Records supplied >>
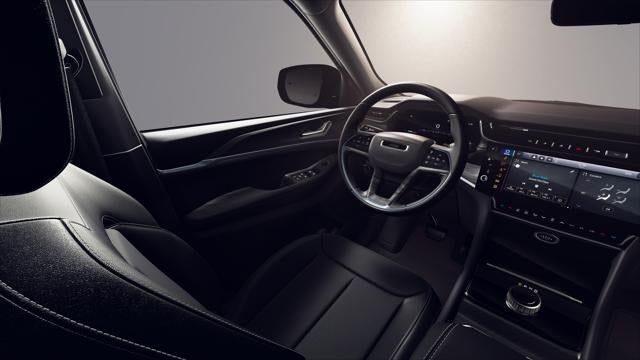 2026 Jeep Grand Cherokee GRAND CHEROKEE LAREDO ALTITUDE 4X2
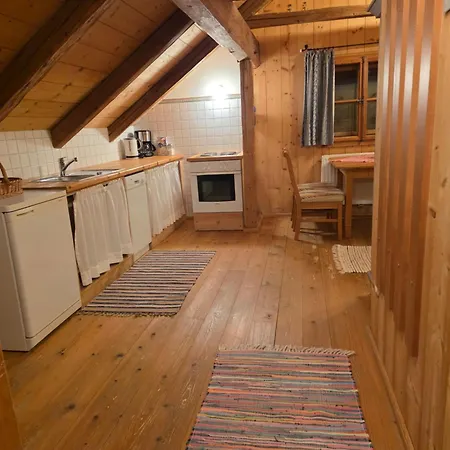 Buama Kammer アパート アプテナウ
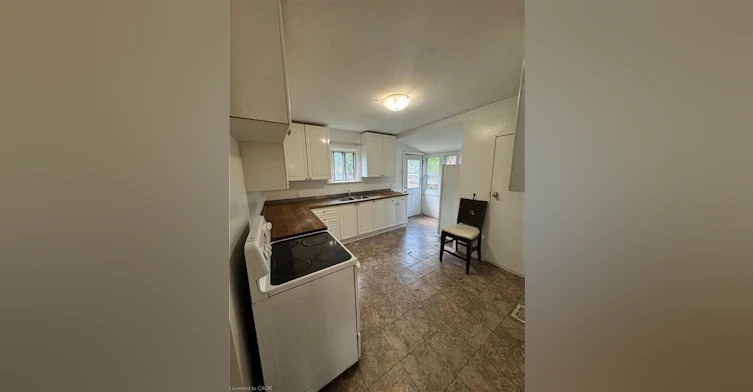 229 Grosvenor Avenue N, Hamilton, ON, L8L 7T1 - 5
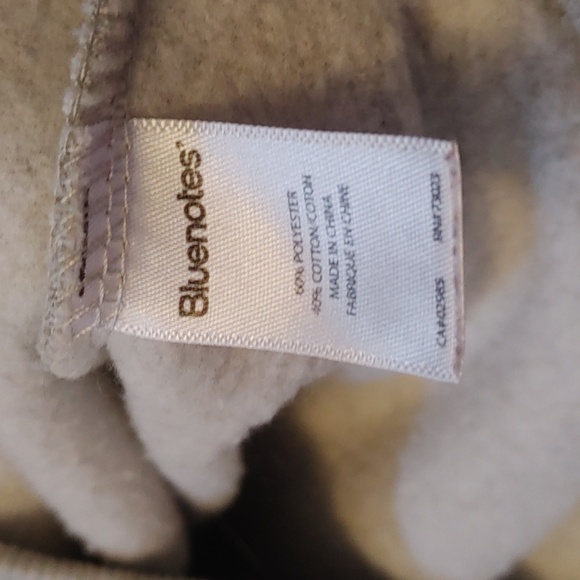 Adult SpongeBob SquarePants Hoodie. Size Medium - Picture 10 of 11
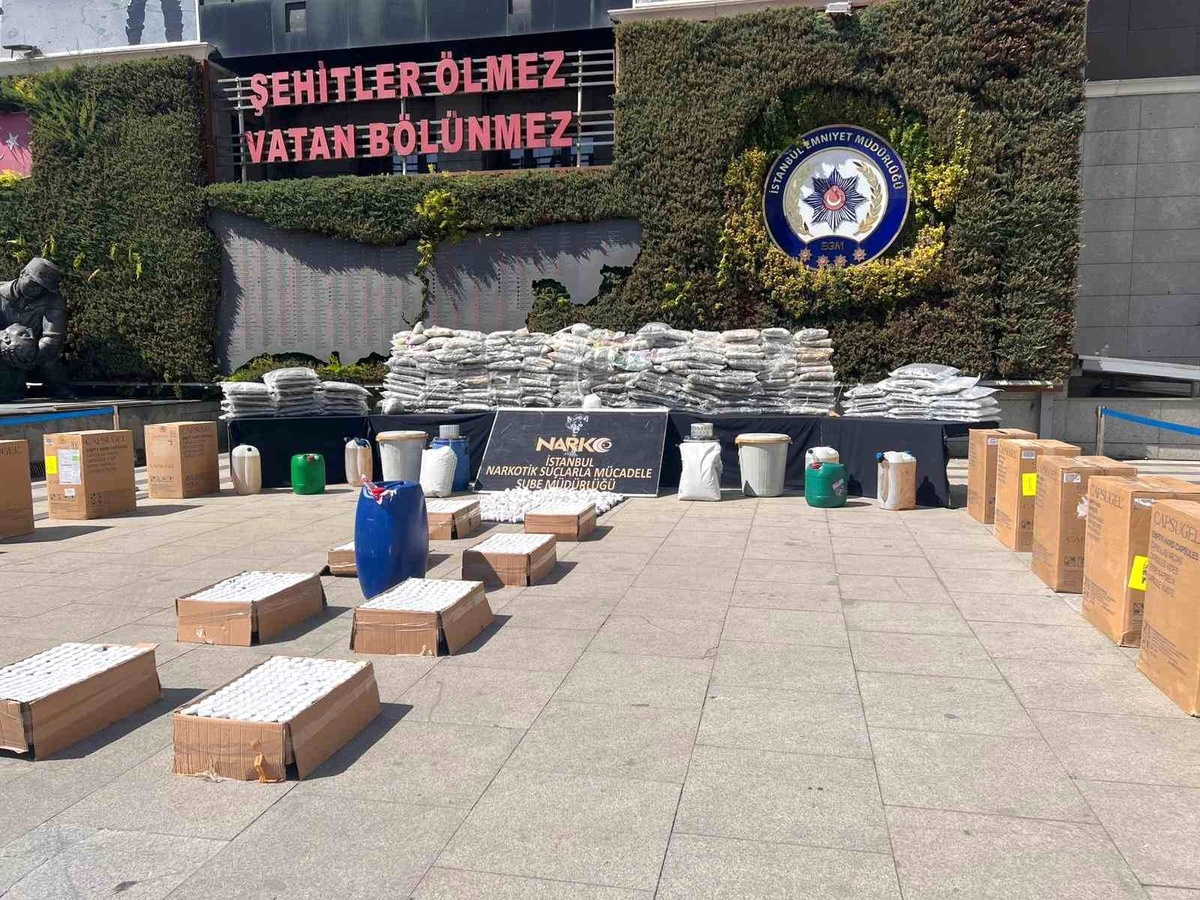 İstanbul\'da Uyuşturucu Operasyonu
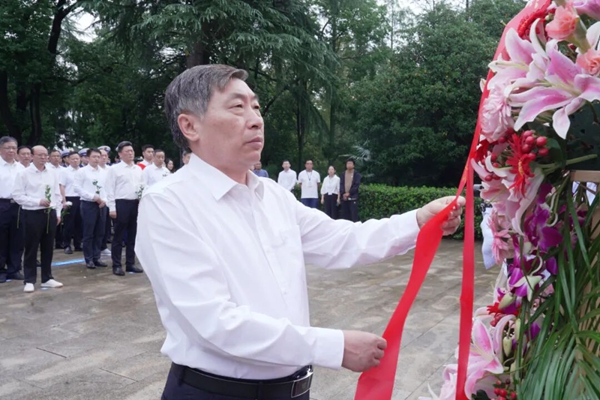 緬懷革命先烈　傳承烈士精神——我市舉行烈士紀(jì)念日向烈士敬獻(xiàn)花籃活動(dòng)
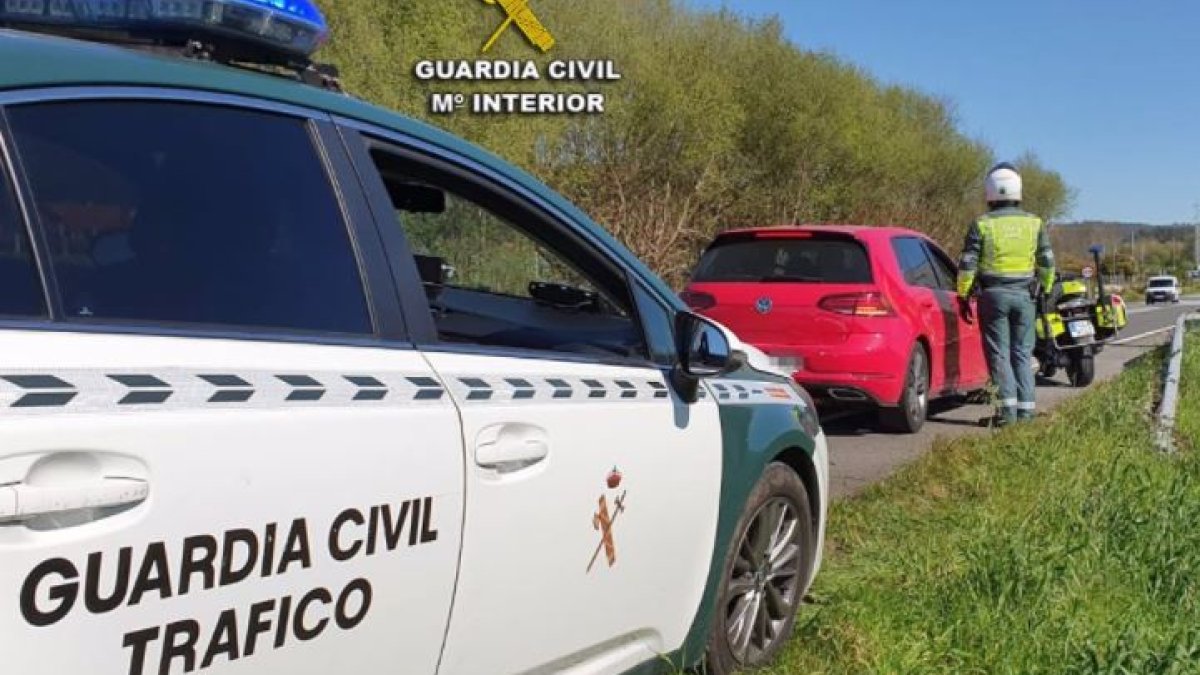 Imagen de archivo de una actuación de la Guardia Civil de Tráfico.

What is required >> Print the lines from the line with "İstanbul\'da Uyuşturucu Operasyonu" to the end of the data above. Include both ends, exclude the pictures, and add nothing else.

Task result >>
 İstanbul\'da Uyuşturucu Operasyonu
 緬懷革命先烈　傳承烈士精神——我市舉行烈士紀(jì)念日向烈士敬獻(xiàn)花籃活動(dòng)
 Imagen de archivo de una actuación de la Guardia Civil de Tráfico.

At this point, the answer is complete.